When it comes to “interminable population growth that benefits some people at the expense of human wellbeing and sustainability,” as Chamie puts it, there are a lot of hucksters with media platforms, and they’re selling mass immigration (not moderated immigration – mass immigration).
Population growth in the U.S. slowed but added another 20 million Americans over the last decade. That’s the equivalent of adding another two Los Angeles counties.
The benefits of an immigration policy that prioritizes per capita prosperity over GDP include higher wages, longer productive lives, more intergenerational caregiving among families, shorter commutes, and more breathing room.
None of this would prevent the United States from accepting our fair share of internationally recognized refugees. As Jonette Christian writes, it’s a question of limits:
[W]e want to be generous to asylum applicants, but how generous? Some would insist that our values and our history as a nation compel us to accept all people who are fleeing intolerable situations. But Gallup reports that 158 million people want to resettle in the US. We clearly cannot assimilate even a fraction of that. A limit is needed, and Congress needs to decide the most humane way to enforce it.
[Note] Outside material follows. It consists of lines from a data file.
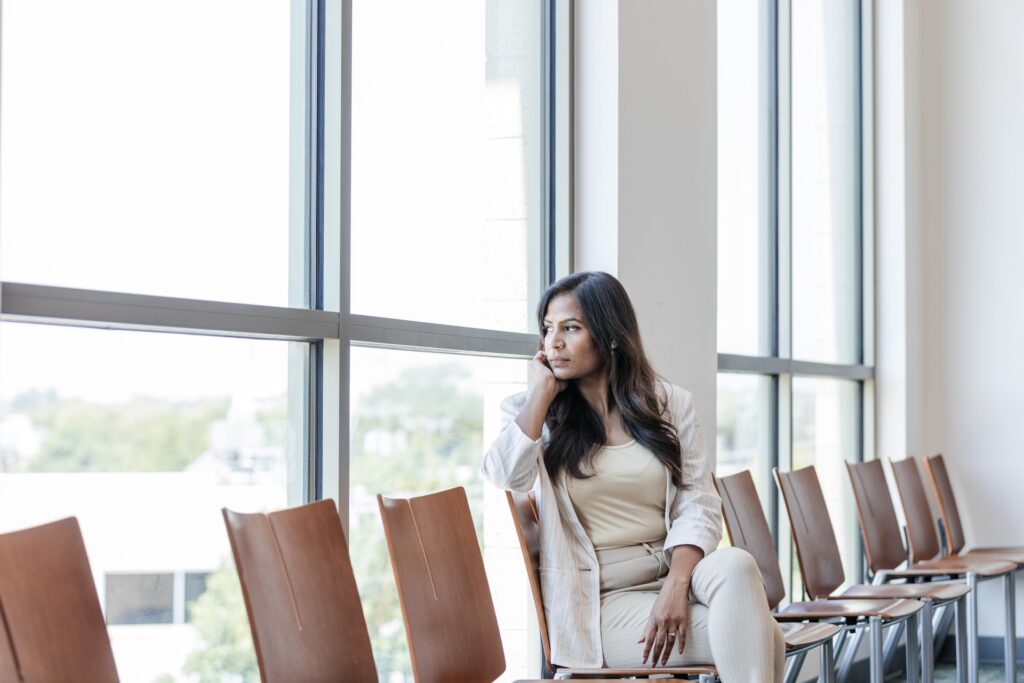 woman looks out window while waiting
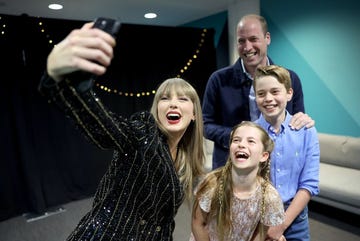 taylor swift posing with prince william, princess charlotte, and prince george during the london eras tour show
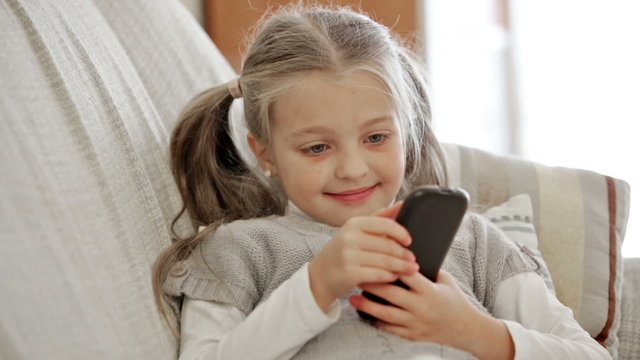 Cute little girl playing with smartphone at home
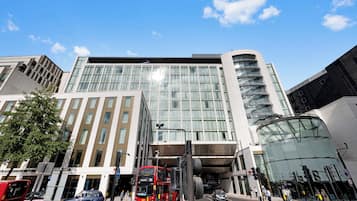 A modern building with large windows and a curved glass facade.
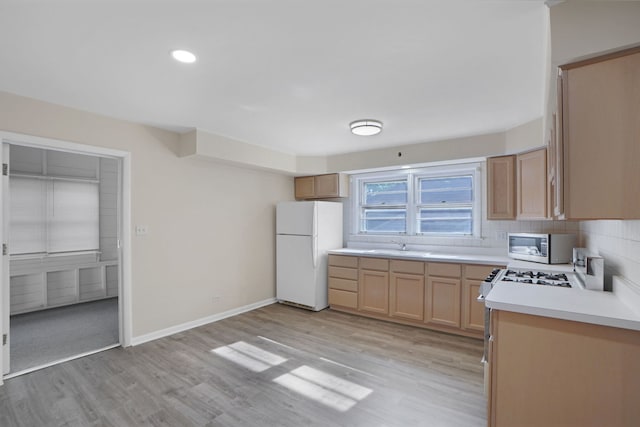 kitchen featuring tasteful backsplash, light brown cabinets, white fridge, and light hardwood / wood-style flooring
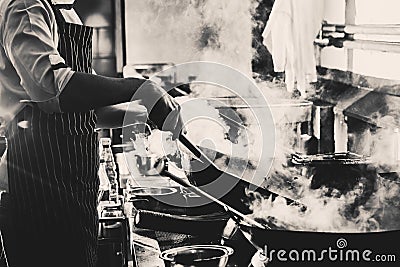 Chef stir fry in wok Stock Photo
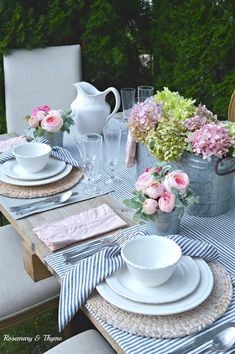 the table is set with plates, cups and vases filled with pink flowers on it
And finally, since immigration accounts for nearly all our population growth, we need to consider how numerous to make ourselves in light of our growing homelessness, shrinking water tables, and the need to reduce carbon emissions.”
Recent reduction bills would reset annual immigration to the level it was in the 1980s, back when the big questions were still being considered by the mainstream media. In 1981, The New York Times editorial board wrote: “Unlimited immigration was a need, and a glory, of the undeveloped American past. Yet no one believes America can still support it. We must choose how many people to admit, and which ones.”
I can’t imagine the Times’ editorial board writing something like that today. But if people with as different backgrounds and personalities as Chamie and Carlson are raising these questions, perhaps it is not too much to hope that the time for these conversations is coming around once again.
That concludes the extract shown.